A local history group in Orillia has a guest speaker coming this Wednesday, March 21st 7:30pm. Janet Turner is a member of the "Rama Fish Fence Circle", a group from the area around the Chippewas of Rama First Nations reserve outside Orillia. Her group promotes educating the public about, and helping to preserve, the "Rama fish fence" - which was built underwater in the silt bottom of the "Narrows" area, between Lake Simcoe and Lake Couchiching, some time around 5000 B.C.E. to catch fish travelling between the two lakes. It is a significant heritage site. The title of Janet's talk is "The Fish Fence: Orillia's Greatest Archaeological Treasure".

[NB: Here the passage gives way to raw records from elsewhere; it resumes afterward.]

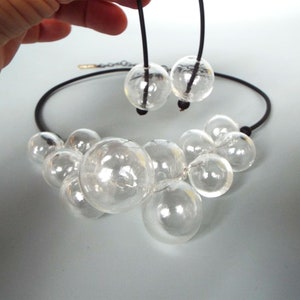 Handmade Clear Glass Bubble Cluster Necklace - Lightweight Bib Beads Necklace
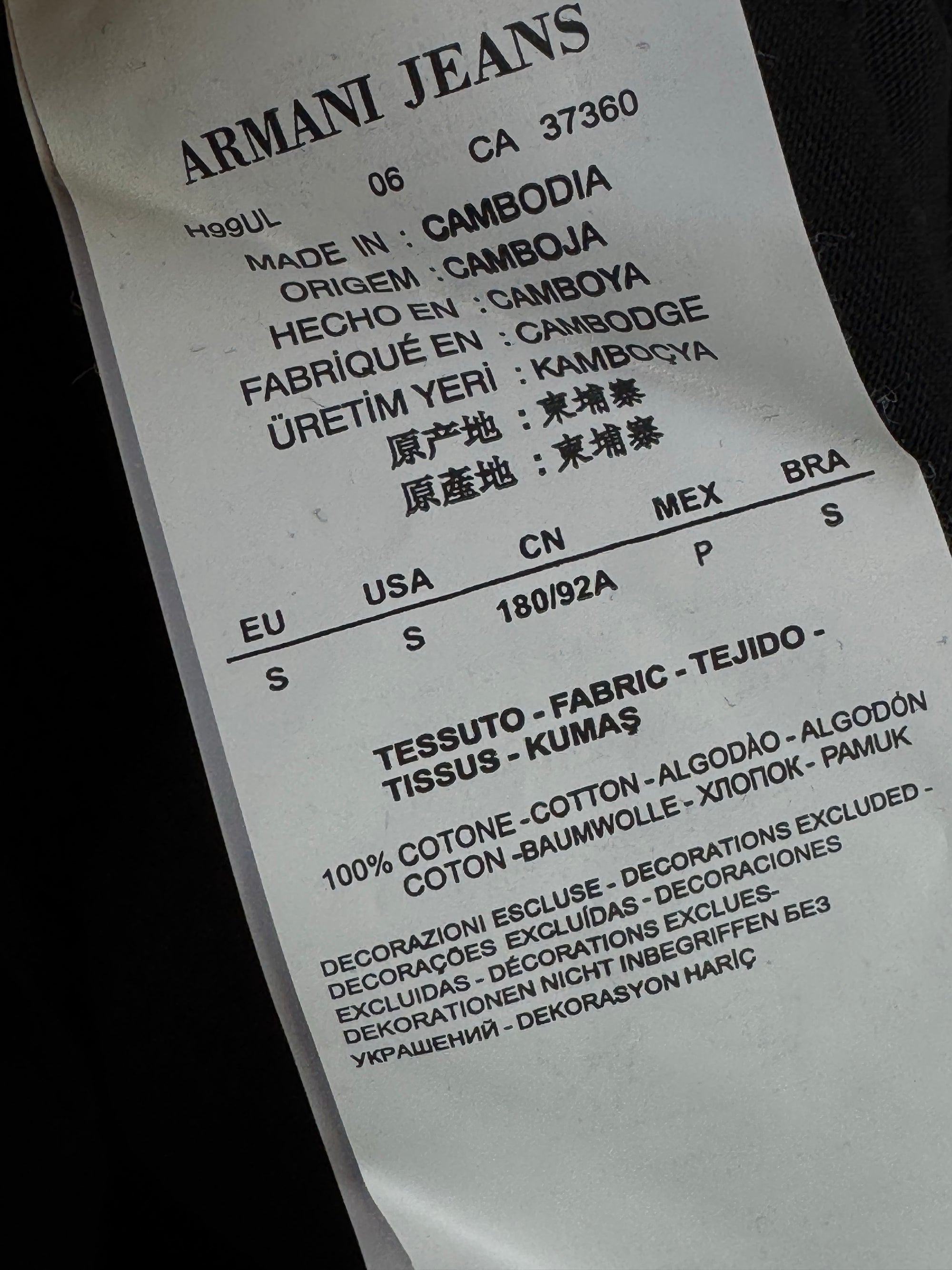 Armani Jeans® XS | Chest: 17.5" | T-Shirt | Cotton | 4050 - Genuine Maal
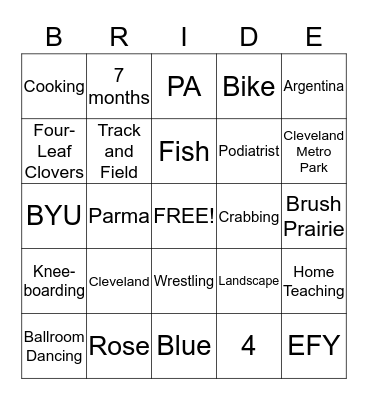Tek and Kimberly Bingo Card
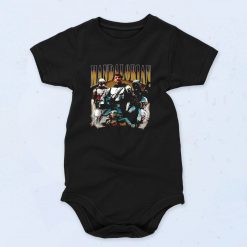 Pedro Pascal Mandalorian Scene Baby Onesie 90s Style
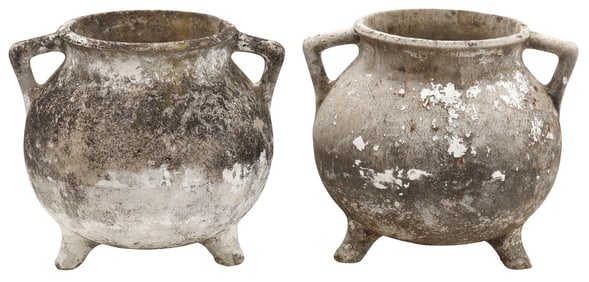 (2) MANNER OF WILLY GUHL MODERNIST 'MARMITE' PLANTERS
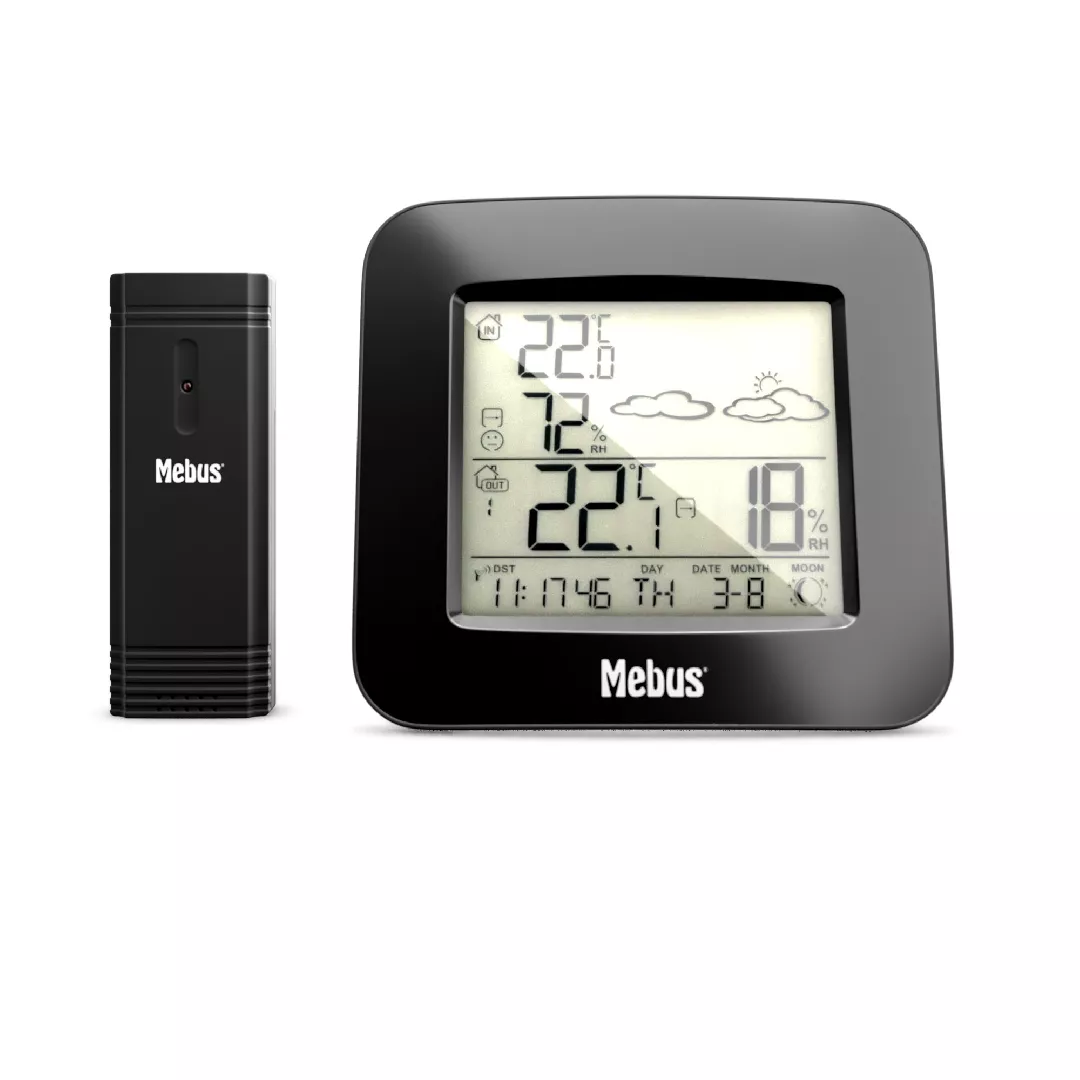 Mebus 40715 Funk-Wetterstation Black Battery 40715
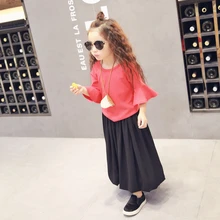 2-6Y, 2016 New Spring Girls Shirt Three Quarter Sleeve Bell Bottom Children T-shirt Simple Style Kids Clothes not contain Strap
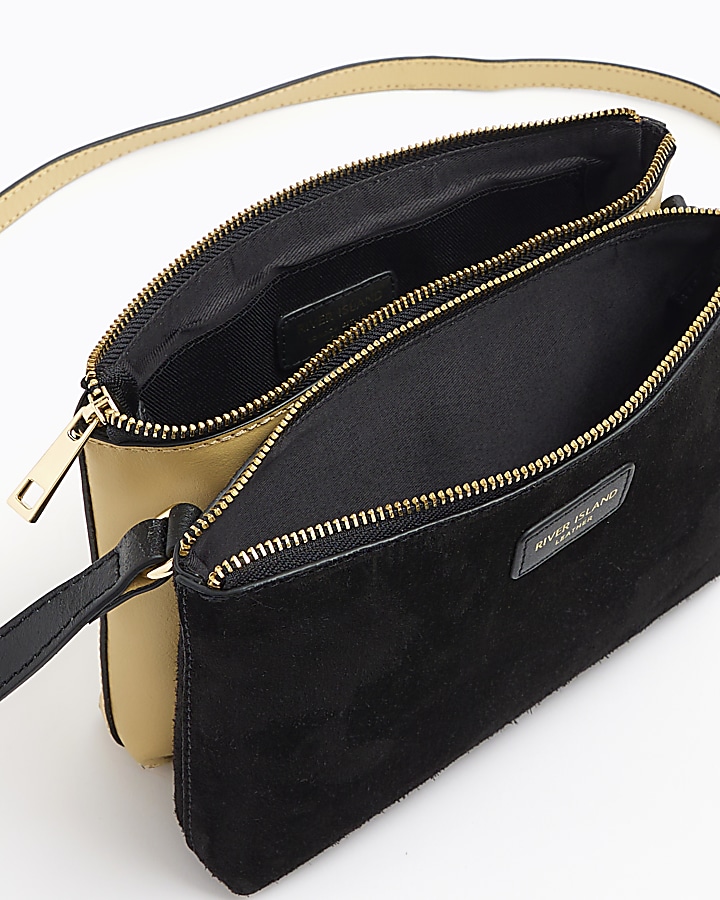 Black suede cross body bag River Island
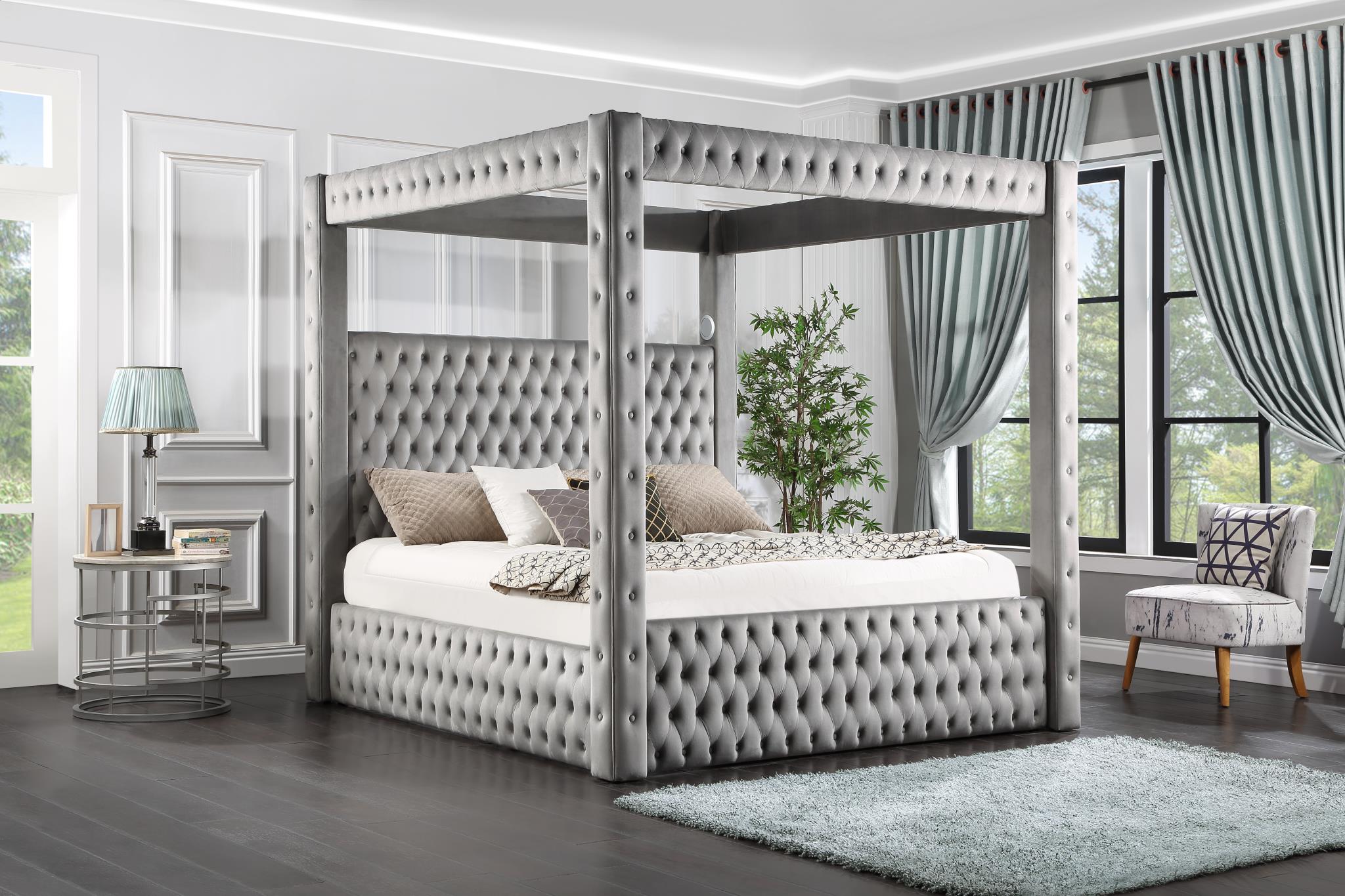 Gray Velvet Queen Canopy Bed - B568-Q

If anybody is interested in attending, the talk takes place at St. Paul's United Church in Orillia, beginning at 7:30 p.m. this Wednesday evening (March 21). If people are travelling from Barrie, on Highway 11 northbound, they can get to the church by taking the "Coldwater Road" exit and heading into Orillia, and then when they get downtown the church is on the corner of Coldwater Road and Peter Street (if one is travelling down Coldwater Road from Highway 11, then they'll see St. Paul's to their left, on the opposite side of the intersection (the north-east corner of the intersection). The talk takes place in the basement of the church, and is free to the public, as part of the activities of the Orillia Museum of Art and History.

1 comment:

John Raynor said...

Thanks for posting this Leslie. Janet is a life member of the OAS and a member of our chapter. Her presentation on the fish weirs (first written about by Champlain in 1615)is quite informative and highlights both the features and the history of this National Historic site. The Circle is also involved with an exciting project to build a bridge over the Narrows that will include and interpretive centre that will include both the natural history of the Narrows and that of first contact. Robert Browne represents our chapter at many of their meetings. Well worth attending for those who can.